Di tutto il periodo dell’attesa per adottare le mie figlie, la parte più difficile è stata, senza ombra di dubbio, l’ultimo periodo. Quello trascorso, nel nostro caso, tra il primo viaggio in Etiopia per conoscere le bambine e presentarci davanti al giudice etiope per la sentenza di adozione e quello in cui siamo finalmente tornati a prenderle per portarle in Italia, una volta pronti tutti i documenti. Solo tre mesi, in fondo, ma che ci sono davvero sembrati i più lunghi di tutto il periodo. Non vedevamo letteralmente l’ora di partire per andarle a prendere e iniziare la nostra vita di famiglia. Ogni giorno pesava come un macigno: il giorno del compleanno di mia figlia maggiore, per esempio, abbiamo festeggiato io e mio marito da soli e mandato gli auguri in Etiopia per farle sentire, come potevamo, che c’eravamo.
Il pensiero era costantemente rivolto a loro, anche se cercavamo di vivere la nostra quotidianità di vita di coppia. Ma, in realtà, non eravamo già più una coppia. Precisamente dal giorno in cui le avevamo conosciute, incontrate, abbracciate, vivevamo nel corpo di una coppia ma con l’“anima” di una famiglia di quattro persone. L’attesa, indefinita e sospesa per anni, si era finalmente concretizzata in quei due piccoli corpicini, con quei volti, quei sorrisi.
Tutto il peso di quell’attesa mi torna vivo, cocente, addosso, ogni volta che leggo dei genitori dei bambini della Repubblica Democratica del Congo. Loro aspettano dal settembre 2013, da quando sono stati sospesi i permessi in uscita dal Congo per i bambini adottati da famiglie straniere. Due anni e mezzo fa! Questo gruppo di genitori (perché di genitori si tratta, in quanto le adozioni sono state perfezionate e i bambini portano il loro cognome) si è costituito in un comitato e sul loro blog è possibile leggere e seguire la loro storia.
Il 28 marzo la giornalista di Radio24, Valentina Furlanetto, ha realizzato un’inchiesta sul mondo delle adozioni riportando un’intervista a uno dei genitori del comitato della RDC, Lorenzo Passeri.

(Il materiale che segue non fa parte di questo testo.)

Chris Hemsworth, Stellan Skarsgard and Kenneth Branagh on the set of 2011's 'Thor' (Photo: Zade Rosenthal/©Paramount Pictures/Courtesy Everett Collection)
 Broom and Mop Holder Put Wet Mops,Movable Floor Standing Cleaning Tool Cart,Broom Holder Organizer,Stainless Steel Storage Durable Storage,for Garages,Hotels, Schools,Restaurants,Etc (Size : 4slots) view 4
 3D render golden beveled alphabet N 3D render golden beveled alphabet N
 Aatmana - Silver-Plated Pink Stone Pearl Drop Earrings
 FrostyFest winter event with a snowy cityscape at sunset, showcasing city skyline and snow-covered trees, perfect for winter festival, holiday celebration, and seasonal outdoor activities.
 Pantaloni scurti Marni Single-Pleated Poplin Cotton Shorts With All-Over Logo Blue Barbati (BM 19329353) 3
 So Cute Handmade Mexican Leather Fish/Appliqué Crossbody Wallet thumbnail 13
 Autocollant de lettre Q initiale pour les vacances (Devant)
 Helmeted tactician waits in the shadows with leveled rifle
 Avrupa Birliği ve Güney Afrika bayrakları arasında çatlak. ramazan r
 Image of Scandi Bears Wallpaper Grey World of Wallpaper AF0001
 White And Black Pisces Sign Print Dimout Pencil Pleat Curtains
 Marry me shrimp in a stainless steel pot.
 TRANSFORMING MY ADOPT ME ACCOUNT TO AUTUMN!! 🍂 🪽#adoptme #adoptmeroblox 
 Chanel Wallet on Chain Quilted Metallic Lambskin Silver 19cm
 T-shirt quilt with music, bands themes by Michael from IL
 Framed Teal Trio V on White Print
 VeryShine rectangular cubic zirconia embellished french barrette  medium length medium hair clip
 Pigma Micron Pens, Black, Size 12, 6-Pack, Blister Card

Le sue parole sono davvero toccanti: sono più di due anni che vede crescere i suoi figli esclusivamente via Skype, nel 2013 i due fratellini avevano 3 e 6 anni, ora ne hanno 6 e 9.
Altri genitori, da allora, non hanno avuto più contatti, né notizie. Anni in cui ogni giorno si teme che qualche imprevisto possa accadere o qualcosa andare storto, che qualche bambino si possa ammalare e non possa ricevere le cure adeguate, per esempio. Vite sospese, letteralmente congelate ma, soprattutto, quasi tre anni in più che questi bambini hanno vissuto senza una famiglia, senza un bacio della buona notte, senza una mamma e un papà che asciughino le loro lacrime, che li rassicurino quando fanno dei brutti sogni. Questa situazione dall’8 marzo scorso sembrava essersi sbloccata con la notizia del via libera delle autorità congolesi, che anche noi avevamo ripreso dalle pagine di Alley Oop. Ma a oggi ancora nessun genitore è partito per ricongiungersi con i propri figli, anche se è del 5 aprile la buona notizia che, grazie all’intervento della Farnesina, sarebbero stati sbloccati i visti di 43 bambini congolesi che dovrebbero arrivare a giorni in Italia accompagnati da persone designate dal governo locale. Non c’è un giorno in più ancora da perdere. Per i bambini. Per le famiglie.